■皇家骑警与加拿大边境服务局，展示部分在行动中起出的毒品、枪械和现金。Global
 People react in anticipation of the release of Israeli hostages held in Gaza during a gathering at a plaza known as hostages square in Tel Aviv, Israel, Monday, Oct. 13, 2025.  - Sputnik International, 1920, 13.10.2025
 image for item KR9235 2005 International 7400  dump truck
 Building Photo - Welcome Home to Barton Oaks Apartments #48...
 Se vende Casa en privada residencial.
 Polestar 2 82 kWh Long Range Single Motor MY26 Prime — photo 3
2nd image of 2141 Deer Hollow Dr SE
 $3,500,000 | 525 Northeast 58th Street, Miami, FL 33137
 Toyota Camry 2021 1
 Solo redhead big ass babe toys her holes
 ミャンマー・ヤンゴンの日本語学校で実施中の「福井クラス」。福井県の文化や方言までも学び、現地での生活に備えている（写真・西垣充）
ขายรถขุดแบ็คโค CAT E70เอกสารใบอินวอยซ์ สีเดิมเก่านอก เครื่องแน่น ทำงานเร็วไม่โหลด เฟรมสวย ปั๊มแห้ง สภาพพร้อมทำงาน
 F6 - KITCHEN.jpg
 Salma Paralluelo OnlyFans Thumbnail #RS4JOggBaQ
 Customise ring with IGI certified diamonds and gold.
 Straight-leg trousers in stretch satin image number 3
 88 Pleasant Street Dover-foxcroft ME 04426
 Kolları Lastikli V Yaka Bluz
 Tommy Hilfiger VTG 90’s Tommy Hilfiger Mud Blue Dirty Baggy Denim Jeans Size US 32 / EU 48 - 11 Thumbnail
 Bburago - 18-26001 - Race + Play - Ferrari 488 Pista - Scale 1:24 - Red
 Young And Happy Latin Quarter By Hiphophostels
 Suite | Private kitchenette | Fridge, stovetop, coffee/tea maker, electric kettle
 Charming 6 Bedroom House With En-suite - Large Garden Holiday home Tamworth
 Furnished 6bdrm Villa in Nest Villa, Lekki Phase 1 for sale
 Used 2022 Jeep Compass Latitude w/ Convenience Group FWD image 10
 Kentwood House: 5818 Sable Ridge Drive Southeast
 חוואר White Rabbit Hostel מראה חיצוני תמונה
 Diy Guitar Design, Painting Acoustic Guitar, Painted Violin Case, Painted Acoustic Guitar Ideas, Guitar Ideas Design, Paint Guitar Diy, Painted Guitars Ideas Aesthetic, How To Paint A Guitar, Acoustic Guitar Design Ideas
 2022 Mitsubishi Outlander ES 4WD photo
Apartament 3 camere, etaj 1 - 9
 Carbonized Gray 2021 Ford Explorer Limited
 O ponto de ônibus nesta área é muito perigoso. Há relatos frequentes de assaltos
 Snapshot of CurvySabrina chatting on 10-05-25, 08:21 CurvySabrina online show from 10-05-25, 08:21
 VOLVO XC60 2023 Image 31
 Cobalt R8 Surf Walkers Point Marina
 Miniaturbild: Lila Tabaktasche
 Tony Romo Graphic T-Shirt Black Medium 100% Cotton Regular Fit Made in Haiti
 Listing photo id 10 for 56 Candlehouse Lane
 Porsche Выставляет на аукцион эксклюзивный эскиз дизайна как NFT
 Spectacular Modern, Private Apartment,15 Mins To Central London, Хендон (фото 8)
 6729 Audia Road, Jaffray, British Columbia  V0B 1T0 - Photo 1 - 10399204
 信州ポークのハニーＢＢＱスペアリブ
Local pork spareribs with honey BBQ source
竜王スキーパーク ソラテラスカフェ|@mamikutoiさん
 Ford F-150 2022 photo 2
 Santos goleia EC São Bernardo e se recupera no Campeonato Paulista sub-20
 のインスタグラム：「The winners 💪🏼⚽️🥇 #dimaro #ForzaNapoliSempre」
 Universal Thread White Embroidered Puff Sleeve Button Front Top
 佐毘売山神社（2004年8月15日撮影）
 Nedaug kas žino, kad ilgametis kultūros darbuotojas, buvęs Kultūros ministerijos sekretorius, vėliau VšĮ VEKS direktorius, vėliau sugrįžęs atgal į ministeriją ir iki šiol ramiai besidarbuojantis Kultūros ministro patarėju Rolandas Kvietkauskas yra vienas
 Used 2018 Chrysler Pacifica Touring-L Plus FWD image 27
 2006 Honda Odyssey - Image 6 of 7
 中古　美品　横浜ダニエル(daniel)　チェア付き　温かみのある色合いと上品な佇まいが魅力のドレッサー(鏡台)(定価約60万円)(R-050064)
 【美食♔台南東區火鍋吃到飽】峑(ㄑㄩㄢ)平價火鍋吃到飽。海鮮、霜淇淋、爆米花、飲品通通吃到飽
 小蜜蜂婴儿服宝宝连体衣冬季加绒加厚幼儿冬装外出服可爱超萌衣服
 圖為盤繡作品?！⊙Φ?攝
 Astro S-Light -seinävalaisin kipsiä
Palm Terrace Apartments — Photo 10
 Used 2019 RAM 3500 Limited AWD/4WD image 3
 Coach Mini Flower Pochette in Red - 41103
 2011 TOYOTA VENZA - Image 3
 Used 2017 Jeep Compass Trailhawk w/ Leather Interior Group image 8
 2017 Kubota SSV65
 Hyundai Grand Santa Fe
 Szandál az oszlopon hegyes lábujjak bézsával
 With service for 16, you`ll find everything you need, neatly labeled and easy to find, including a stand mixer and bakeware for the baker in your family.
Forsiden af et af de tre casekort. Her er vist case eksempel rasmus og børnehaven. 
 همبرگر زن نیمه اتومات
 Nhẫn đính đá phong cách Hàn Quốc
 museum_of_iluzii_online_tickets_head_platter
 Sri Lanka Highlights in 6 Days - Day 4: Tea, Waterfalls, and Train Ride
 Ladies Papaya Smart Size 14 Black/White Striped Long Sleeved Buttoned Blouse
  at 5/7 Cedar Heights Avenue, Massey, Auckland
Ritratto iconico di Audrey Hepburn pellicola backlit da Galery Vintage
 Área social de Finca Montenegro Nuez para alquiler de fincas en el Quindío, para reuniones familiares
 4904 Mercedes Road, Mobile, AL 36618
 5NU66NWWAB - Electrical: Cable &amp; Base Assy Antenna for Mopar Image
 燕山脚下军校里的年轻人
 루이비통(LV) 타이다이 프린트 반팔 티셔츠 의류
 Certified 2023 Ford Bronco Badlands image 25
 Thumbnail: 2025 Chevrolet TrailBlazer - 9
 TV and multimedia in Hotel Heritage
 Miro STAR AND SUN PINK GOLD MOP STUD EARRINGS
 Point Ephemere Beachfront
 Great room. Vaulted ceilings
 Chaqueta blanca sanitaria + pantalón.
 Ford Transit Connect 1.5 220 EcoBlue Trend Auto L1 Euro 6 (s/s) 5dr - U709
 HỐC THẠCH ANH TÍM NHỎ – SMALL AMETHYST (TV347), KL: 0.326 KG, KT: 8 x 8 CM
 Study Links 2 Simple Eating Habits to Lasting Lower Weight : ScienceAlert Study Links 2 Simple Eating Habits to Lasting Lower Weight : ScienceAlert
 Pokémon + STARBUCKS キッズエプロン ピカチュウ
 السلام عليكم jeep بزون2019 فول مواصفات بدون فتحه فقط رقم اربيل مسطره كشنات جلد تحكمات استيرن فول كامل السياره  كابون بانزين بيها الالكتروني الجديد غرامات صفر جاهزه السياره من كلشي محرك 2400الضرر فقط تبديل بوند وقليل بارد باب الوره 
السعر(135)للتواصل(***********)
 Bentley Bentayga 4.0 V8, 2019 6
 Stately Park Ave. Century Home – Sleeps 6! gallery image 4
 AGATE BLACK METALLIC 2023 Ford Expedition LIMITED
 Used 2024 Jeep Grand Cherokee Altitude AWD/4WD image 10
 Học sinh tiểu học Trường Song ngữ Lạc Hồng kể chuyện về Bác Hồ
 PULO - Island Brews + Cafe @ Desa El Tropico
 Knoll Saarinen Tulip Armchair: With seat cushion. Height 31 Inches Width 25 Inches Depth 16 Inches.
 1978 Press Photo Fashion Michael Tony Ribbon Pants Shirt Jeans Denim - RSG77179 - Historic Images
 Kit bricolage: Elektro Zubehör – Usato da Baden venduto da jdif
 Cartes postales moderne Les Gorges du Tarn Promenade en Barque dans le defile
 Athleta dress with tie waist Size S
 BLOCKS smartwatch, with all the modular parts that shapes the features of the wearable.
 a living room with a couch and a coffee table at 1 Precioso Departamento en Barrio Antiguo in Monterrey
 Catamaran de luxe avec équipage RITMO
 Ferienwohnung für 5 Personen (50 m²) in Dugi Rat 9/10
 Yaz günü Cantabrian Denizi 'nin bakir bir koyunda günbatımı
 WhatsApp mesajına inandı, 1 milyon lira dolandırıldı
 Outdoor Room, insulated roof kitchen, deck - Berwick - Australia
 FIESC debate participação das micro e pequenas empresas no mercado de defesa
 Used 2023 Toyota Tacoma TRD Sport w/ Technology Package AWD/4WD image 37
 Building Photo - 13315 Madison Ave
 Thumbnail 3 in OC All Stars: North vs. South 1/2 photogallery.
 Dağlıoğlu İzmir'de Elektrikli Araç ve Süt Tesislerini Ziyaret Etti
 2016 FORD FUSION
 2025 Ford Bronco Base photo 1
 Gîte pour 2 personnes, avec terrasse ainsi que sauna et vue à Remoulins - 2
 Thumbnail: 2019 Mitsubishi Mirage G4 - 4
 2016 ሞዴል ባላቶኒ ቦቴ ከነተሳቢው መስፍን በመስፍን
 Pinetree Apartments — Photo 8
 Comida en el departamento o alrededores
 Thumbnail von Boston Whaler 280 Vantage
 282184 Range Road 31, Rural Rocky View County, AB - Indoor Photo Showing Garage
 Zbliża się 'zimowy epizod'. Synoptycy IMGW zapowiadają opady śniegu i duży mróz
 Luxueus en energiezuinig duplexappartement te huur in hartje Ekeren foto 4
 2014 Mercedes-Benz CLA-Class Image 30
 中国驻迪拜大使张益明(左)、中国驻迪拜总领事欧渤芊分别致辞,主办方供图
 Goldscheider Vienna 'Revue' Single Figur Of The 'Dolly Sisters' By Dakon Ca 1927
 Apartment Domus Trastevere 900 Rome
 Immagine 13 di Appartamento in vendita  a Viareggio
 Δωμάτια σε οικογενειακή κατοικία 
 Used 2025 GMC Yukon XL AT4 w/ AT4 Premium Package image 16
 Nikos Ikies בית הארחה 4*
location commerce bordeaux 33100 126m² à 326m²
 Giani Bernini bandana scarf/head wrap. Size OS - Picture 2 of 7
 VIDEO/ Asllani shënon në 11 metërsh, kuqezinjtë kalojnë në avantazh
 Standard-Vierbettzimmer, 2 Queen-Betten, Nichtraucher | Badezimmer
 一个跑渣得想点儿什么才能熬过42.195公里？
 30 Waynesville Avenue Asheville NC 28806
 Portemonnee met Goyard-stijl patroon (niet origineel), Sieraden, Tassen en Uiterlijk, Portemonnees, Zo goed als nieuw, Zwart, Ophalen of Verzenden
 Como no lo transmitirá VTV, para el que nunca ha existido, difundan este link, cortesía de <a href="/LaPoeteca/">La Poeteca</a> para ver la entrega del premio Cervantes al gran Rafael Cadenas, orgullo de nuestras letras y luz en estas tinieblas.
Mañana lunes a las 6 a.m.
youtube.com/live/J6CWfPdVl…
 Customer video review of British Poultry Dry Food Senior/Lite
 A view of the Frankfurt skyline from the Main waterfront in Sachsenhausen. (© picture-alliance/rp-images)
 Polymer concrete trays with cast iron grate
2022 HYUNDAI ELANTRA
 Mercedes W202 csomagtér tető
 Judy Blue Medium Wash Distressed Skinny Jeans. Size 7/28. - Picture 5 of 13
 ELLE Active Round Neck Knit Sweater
═══
== How to complete this task ==
Exactly the lines from the one containing "Judy Blue Medium" through the end of the records should be reproduced, and no others.

== Written answer ==
 Judy Blue Medium Wash Distressed Skinny Jeans. Size 7/28. - Picture 5 of 13
 ELLE Active Round Neck Knit Sweater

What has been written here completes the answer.